Data for analysis:
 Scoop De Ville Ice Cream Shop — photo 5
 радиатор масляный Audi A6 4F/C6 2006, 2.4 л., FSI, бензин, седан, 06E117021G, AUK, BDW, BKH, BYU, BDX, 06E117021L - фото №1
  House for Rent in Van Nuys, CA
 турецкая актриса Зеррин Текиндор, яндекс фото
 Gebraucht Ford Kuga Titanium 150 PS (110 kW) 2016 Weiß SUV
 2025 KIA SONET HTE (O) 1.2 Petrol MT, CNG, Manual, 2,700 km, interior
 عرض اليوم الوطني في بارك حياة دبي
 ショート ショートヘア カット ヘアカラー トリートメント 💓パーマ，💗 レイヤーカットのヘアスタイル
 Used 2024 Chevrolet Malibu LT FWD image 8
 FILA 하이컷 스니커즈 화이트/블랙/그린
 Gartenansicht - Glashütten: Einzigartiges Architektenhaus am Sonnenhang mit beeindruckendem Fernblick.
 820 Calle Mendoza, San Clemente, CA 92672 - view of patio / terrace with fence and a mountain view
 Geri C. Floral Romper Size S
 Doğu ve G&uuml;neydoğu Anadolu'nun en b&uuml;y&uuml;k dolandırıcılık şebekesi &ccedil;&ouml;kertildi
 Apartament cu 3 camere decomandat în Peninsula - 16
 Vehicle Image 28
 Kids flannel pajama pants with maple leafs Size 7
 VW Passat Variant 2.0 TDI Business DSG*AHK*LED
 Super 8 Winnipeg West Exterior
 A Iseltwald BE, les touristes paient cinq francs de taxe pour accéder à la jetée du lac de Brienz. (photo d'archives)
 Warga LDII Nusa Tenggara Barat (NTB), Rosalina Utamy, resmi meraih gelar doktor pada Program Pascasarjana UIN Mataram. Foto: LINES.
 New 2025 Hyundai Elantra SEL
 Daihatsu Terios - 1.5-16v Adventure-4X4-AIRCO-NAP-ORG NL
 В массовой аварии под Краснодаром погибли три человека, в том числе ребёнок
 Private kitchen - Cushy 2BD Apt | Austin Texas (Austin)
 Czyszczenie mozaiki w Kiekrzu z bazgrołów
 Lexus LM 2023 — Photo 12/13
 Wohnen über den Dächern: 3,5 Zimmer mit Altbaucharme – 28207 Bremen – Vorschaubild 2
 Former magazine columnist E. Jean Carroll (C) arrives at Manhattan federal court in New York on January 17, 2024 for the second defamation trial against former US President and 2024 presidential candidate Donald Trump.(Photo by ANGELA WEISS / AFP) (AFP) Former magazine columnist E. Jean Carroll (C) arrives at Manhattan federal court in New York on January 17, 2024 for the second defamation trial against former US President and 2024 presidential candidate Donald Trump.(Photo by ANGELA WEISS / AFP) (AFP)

What the exercise asks: Across the entries, how many lines contain the word "фото"? State that number and nothing else.

Solved problem: 2